For me. I cleaned out my house. Threw out stuff my son wouldn't ever use. Threw out my clothes (didn't want my son to have to go through them).
Put all of my paperwork on top of my bed. A list of all bills, login's, passwords so he'd know what needed to be done.
All funeral arrangement info. Cremation. Urn. Cemetary. I decided I would die the same day my mom did.
Went to hotel. Took my pills. Left a note to contact my son or brother in law…but forgot to write phone numbers. Only had my car keys, phone and charger on me.
Woke up 2 days later in psych ward. That day, police showed up to make sure I was there and ok.
My dad died the day I attempted. Nobody could find me. Sister left the country for the funeral. My son stayed behind to find me.
How did I find out? They let me charge my phone to make a call…and text messages started popping up with condolences. The nurse came to me, apologizing. Told me I wasn't to find out this way. The police contacted my son, and he was on his way to tell me.
I begged them to let me leave to fly over for the funeral. They refused.

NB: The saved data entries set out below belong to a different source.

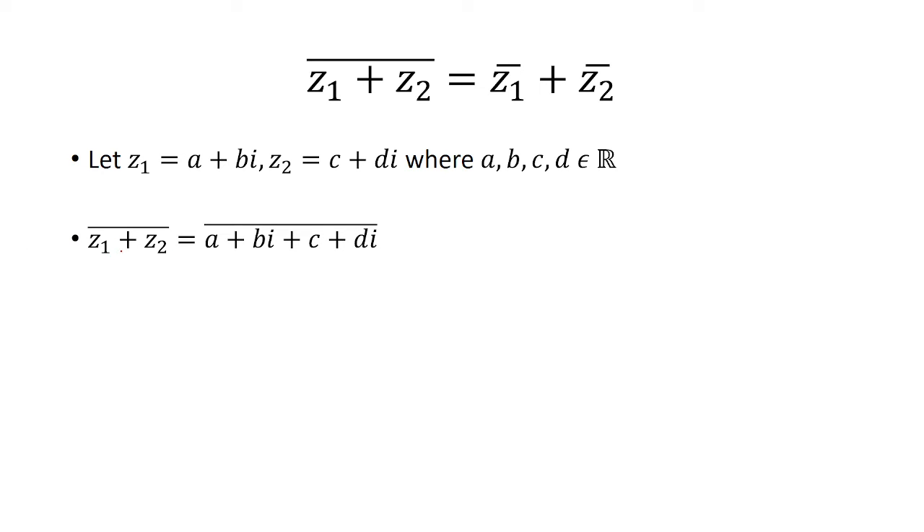So now when we take the conjugate of z1 plus z2, that's going to be the conjugate of a plus bi plus c plus di, which the conjugate of a plus bi is a minus bi, and the conjugate of c plus di is c minus di.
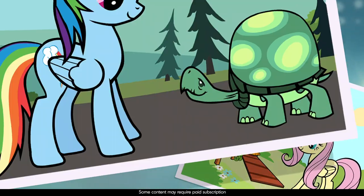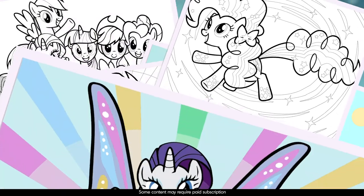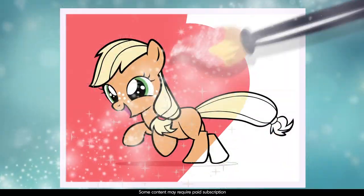Welcome, everypony! Let's go be creative. Coloring my memories creates memory stars. Let's color more memories.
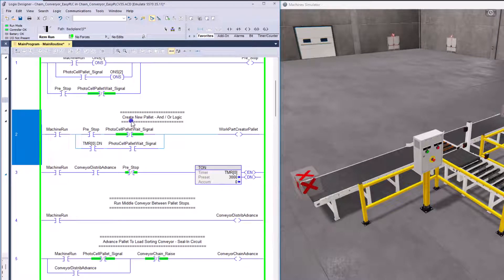In rung two, we can create a pallet. In the machine simulator we have to create our work, so we're creating our pallet. We're saying the machine is running and pre-stop is — this is AND/OR logic. The pre-stop has to be on AND the photo cell has to be off. Both of these work in conjunction as an AND to either create a pallet, or we have timer zero done which will also create a pallet.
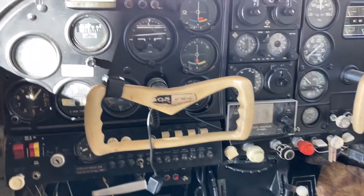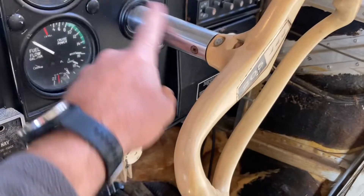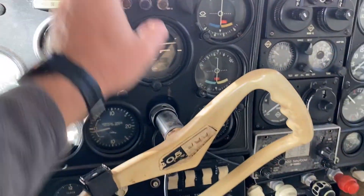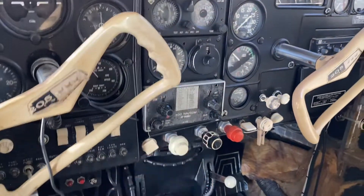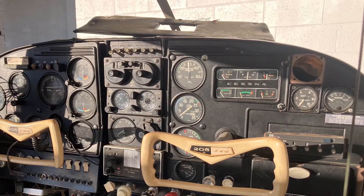First off, I need to remove the yokes. These yokes are held in with three Phillips screws. The actual shafts will stay on the airplane. I'll pull all this plastic off, remove the radio stack, and then start removing all the instruments.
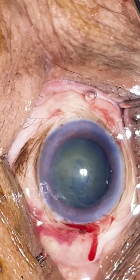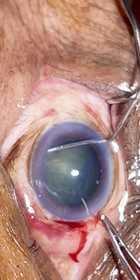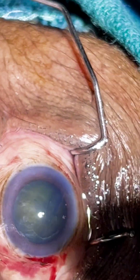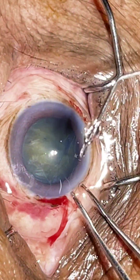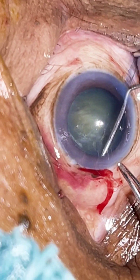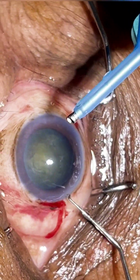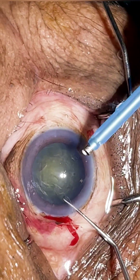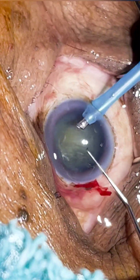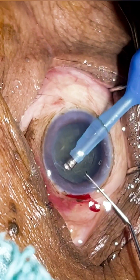Now I'm going for hydrodissection. This step is the key step because when the nucleus is elastic there will be a lot of cortical component adherent to the capsule. So a good hydrodissection — using 5% power — will try to move and free the superficial cortex.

When my son came by to see me…I was a wreck.
He hugged me…told me he went to the hotel and saw my room. He said 'You brought me into a crime scene. I never want to again'.
My dads body came here for burial. My sister stopped talking to me.
I'm pretending to be ok. Have to finish the work on my apt. Will quit my job, so they don't know what happened to me. Will go to hotel again, and this time it's for good.
Note: if I had succeeded, there would be 3 deaths on the same day. Mom in 2004. Dad and I in 2022. April 11th.
I don't feel a thing. Just a void. Even lost my love for music. Nothing.
I'm angry I guess. Instead of rounding around me to keep me from trying again, they've just made me feel like I wish I'd succeeded. Haven't spoken to sissy since May.